ASSIGNED TASK
Set down, please, the line that contains "The question title field" and every line that follows it to the end of the records, exactly; do not include pictures.

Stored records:
# # #

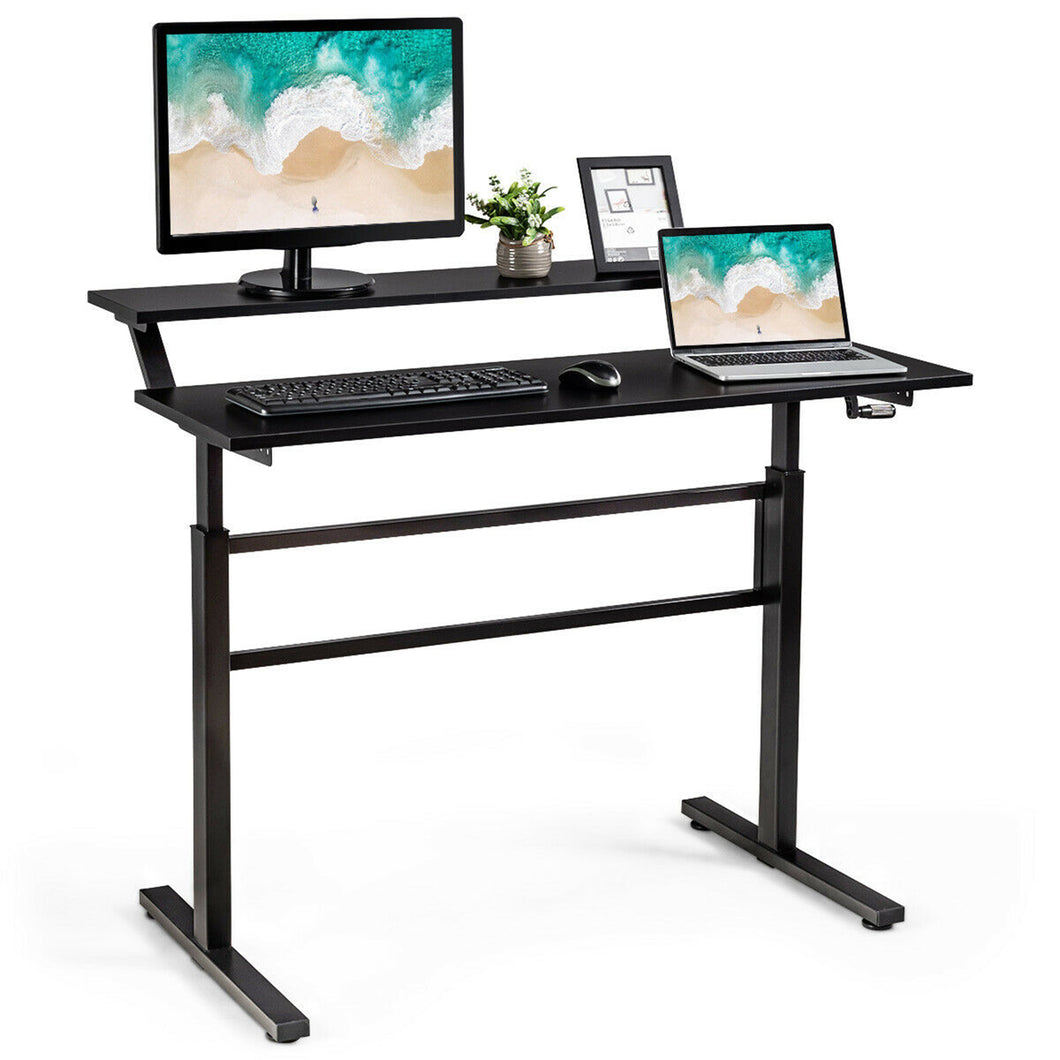 Gymax Standing Desk Crank Adjustable Sit to Stand Workstation with Monitor Shelf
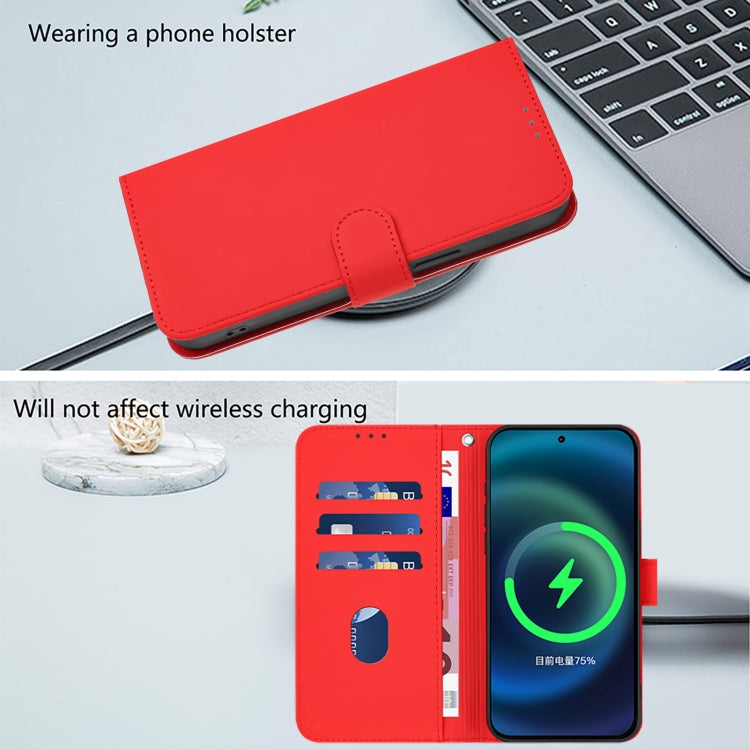 For iPhone 16 Plus Skin Feel Solid Color Leather Phone Case with Lanyard(Red) - iPhone 16 Plus Cases by buy2fix | Online Shopping UK | buy2fix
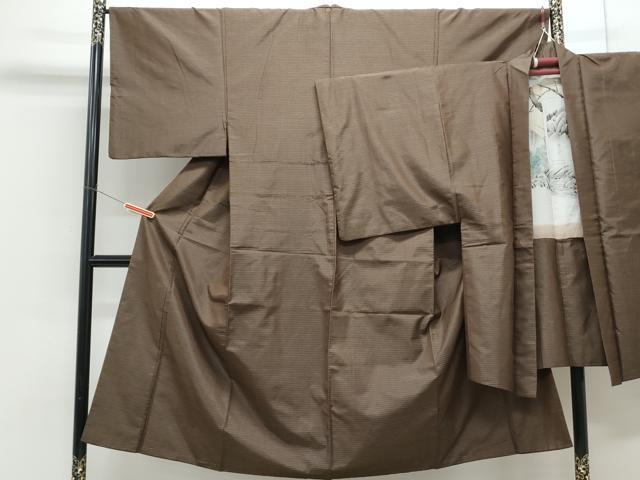 平和屋着物●男性　本場大島紬　アンサンブル　格子文　正絹　逸品　CABG8521th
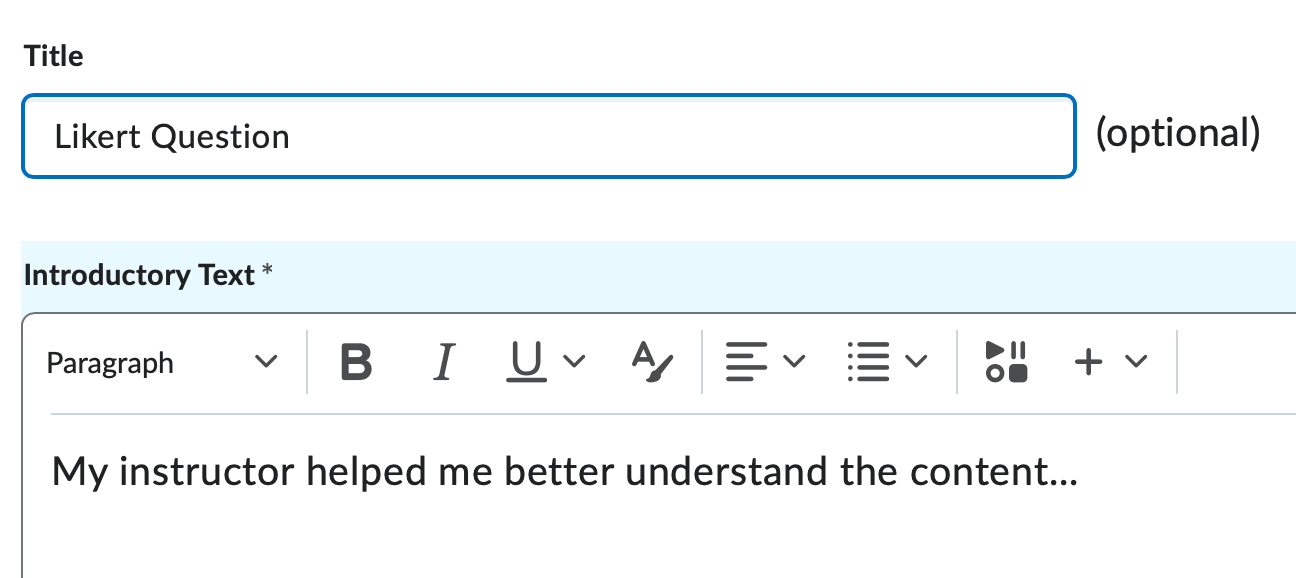 The question title field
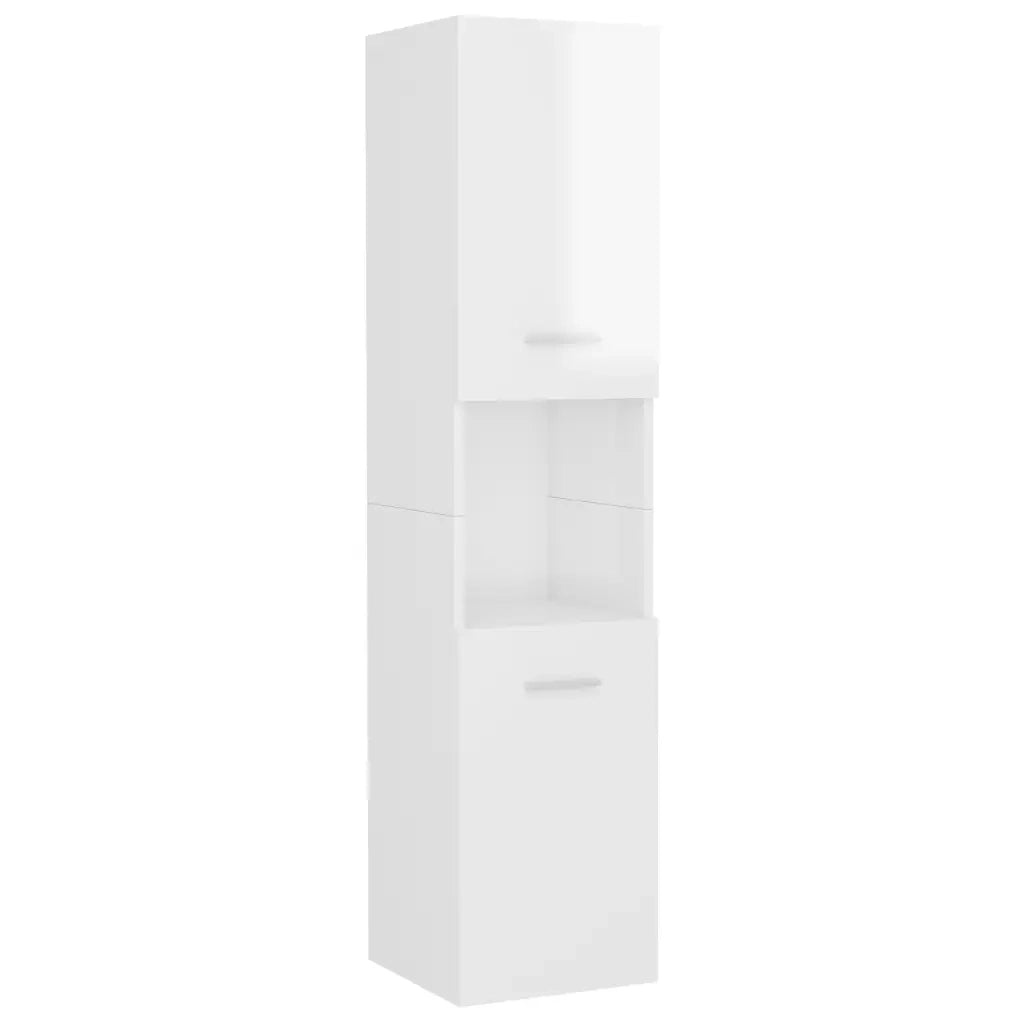 Armadio da Bagno Bianco Lucido 30x30x130 cm in Truciolato cod mxl 13277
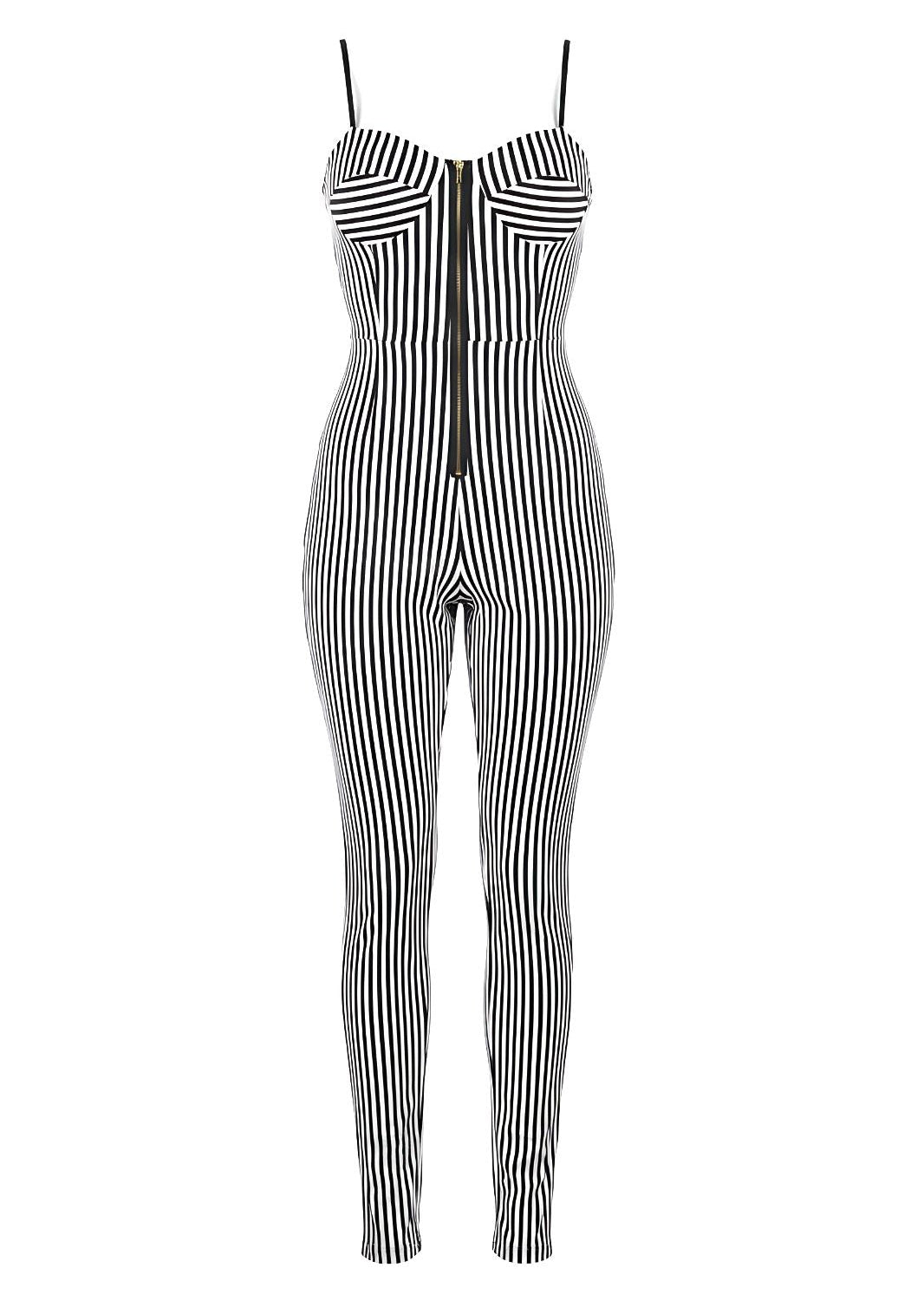 Cup Detail Fitted Chic Style Black & White Zip Front Jumpsuit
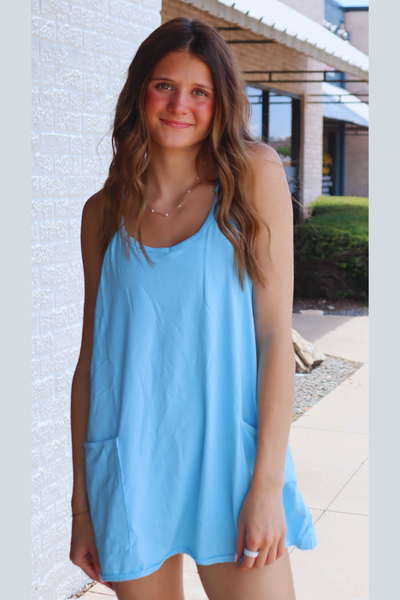 Free People Bright Blue Mini Hotshot Romper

# # #

OUTPUT FOR THIS EXERCISE
 The question title field
 Armadio da Bagno Bianco Lucido 30x30x130 cm in Truciolato cod mxl 13277
 Cup Detail Fitted Chic Style Black & White Zip Front Jumpsuit
 Free People Bright Blue Mini Hotshot Romper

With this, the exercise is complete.